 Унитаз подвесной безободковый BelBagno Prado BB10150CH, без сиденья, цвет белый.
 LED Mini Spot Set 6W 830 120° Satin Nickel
---
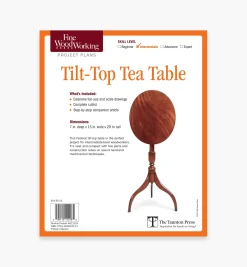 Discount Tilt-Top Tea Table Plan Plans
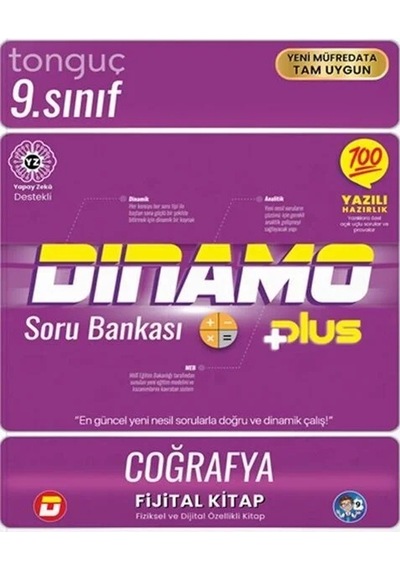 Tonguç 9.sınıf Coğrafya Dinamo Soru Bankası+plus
---
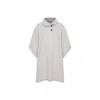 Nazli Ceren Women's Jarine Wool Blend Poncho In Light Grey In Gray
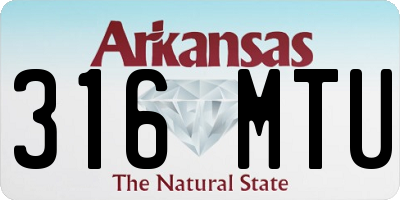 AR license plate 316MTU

▸ TASK OBJECTIVE
Reproduce exactly, and with no other material, the lines between those holding "Унитаз подвесной безободковый" and "LED Mini Spot Set 6W 830 120° Satin Nickel", inclusive.

▸ EXERCISE SOLUTION
 Унитаз подвесной безободковый BelBagno Prado BB10150CH, без сиденья, цвет белый.
 LED Mini Spot Set 6W 830 120° Satin Nickel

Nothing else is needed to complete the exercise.